• [Records to use]:
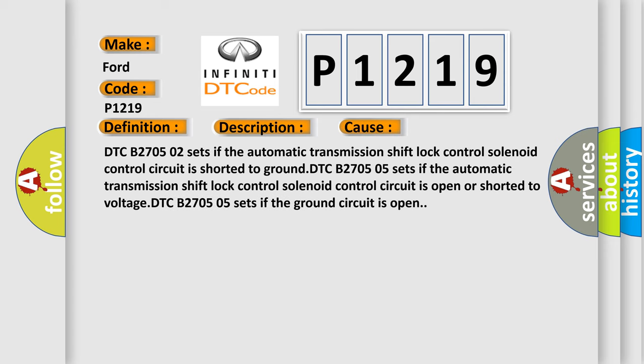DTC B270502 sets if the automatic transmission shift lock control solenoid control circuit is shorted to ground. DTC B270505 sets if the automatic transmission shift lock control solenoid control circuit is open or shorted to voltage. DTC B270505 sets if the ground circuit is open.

==

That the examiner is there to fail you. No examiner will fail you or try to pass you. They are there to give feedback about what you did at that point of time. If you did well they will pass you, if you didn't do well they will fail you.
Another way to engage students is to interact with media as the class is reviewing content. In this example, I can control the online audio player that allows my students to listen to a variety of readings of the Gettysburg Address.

• [Problem to solve]: Reproduce word for word the material above, starting with the line that has "That the examiner" and stopping after the line that has "Another way to".

• [Result of this task]:
That the examiner is there to fail you. No examiner will fail you or try to pass you. They are there to give feedback about what you did at that point of time. If you did well they will pass you, if you didn't do well they will fail you.
Another way to engage students is to interact with media as the class is reviewing content. In this example, I can control the online audio player that allows my students to listen to a variety of readings of the Gettysburg Address.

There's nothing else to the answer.